Metadata-Version: 2.1
Name: torchtime
Version: 0.1.0
Summary: Time series data sets for PyTorch
License: MIT
Author: Philip Darke
Author-email: hello@philipdarke.com
Requires-Python: >=3.8,<3.10
Classifier: License :: OSI Approved :: MIT License
Classifier: Programming Language :: Python :: 3
Classifier: Programming Language :: Python :: 3.8
Classifier: Programming Language :: Python :: 3.9
Requires-Dist: requests (>=2.27.1,<3.0.0)
Requires-Dist: sklearn (>=0.0,<0.1)
Requires-Dist: sktime (>=0.10.1,<0.11.0)
Requires-Dist: torch (>=1.11.0,<2.0.0)
Description-Content-Type: text/markdown

# Time series data sets for PyTorch

![PyPi](https://img.shields.io/pypi/v/torchtime)
[![Build status](https://img.shields.io/github/workflow/status/philipdarke/torchtime/build.svg)](https://github.com/philipdarke/torchtime/actions/workflows/build.yml)
![Coverage](https://philipdarke.com/torchtime/assets/coverage-badge.svg)
[![License](https://img.shields.io/github/license/philipdarke/torchtime.svg)](https://github.com/philipdarke/torchtime/blob/main/LICENSE)

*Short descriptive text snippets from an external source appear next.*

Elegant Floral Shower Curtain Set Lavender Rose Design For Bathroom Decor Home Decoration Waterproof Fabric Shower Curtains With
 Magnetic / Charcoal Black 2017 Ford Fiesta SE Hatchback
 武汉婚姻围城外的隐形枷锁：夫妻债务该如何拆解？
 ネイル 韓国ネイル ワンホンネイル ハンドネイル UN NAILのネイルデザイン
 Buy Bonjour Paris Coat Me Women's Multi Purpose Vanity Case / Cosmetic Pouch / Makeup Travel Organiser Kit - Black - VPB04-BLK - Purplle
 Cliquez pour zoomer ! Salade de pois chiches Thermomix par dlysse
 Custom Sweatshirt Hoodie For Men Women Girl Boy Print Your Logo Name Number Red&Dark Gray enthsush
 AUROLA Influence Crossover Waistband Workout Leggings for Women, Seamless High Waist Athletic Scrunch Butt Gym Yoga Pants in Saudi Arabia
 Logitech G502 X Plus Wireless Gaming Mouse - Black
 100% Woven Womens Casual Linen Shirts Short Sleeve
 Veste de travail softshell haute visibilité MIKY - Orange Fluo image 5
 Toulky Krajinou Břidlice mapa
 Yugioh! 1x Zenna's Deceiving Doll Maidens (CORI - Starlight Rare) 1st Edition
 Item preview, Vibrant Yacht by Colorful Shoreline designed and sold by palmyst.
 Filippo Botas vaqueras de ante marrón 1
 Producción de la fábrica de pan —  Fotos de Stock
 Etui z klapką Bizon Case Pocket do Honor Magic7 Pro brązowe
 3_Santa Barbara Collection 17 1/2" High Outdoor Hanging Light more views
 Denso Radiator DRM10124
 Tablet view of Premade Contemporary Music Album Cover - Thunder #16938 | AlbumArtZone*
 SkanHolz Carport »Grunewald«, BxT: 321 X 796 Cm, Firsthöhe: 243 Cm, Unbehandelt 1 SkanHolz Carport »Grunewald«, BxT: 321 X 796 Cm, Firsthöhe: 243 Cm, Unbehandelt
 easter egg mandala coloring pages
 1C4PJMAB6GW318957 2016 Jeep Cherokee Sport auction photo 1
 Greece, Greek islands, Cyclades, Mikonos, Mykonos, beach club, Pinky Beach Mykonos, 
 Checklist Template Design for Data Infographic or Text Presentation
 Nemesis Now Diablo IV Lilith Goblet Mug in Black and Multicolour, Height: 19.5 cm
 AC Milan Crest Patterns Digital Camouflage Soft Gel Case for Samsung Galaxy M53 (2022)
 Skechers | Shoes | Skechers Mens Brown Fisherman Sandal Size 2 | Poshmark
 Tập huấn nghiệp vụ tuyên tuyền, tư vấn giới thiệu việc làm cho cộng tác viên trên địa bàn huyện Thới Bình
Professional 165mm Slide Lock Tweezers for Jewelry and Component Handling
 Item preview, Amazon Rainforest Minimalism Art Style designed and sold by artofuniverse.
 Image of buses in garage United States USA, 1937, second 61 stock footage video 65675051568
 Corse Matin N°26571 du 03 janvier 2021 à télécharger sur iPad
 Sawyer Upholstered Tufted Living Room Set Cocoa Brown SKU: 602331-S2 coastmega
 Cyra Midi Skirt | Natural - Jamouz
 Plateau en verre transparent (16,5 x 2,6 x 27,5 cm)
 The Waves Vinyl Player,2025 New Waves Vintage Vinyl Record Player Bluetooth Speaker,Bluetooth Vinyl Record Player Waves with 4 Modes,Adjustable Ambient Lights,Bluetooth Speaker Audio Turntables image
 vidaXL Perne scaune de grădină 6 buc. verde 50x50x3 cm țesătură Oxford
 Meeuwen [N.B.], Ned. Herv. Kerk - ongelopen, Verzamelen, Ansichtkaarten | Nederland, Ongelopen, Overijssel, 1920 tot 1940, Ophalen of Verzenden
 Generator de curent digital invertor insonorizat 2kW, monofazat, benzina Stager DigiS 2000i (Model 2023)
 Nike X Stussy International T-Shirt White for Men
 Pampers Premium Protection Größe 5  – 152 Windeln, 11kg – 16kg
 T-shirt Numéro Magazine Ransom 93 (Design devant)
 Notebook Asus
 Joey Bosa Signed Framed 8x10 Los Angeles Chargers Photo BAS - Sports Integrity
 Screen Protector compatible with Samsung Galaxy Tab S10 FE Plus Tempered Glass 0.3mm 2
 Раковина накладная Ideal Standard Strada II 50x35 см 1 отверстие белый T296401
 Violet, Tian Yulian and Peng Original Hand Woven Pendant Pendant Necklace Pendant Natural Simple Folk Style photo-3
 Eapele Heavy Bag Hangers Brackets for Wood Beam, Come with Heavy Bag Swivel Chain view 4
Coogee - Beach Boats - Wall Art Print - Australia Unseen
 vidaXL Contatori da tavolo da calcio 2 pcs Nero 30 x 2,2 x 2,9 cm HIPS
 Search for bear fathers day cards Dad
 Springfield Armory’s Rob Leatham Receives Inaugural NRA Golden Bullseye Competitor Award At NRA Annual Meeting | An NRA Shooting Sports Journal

`torchtime` provides ready-to-go time series data sets for use in PyTorch. The current list of supported data sets is:

* All data sets in the UEA/UCR classification repository [[link]](https://www.timeseriesclassification.com/)
* PhysioNet Challenge 2019 [[link]](https://physionet.org/content/challenge-2019/1.0.0/)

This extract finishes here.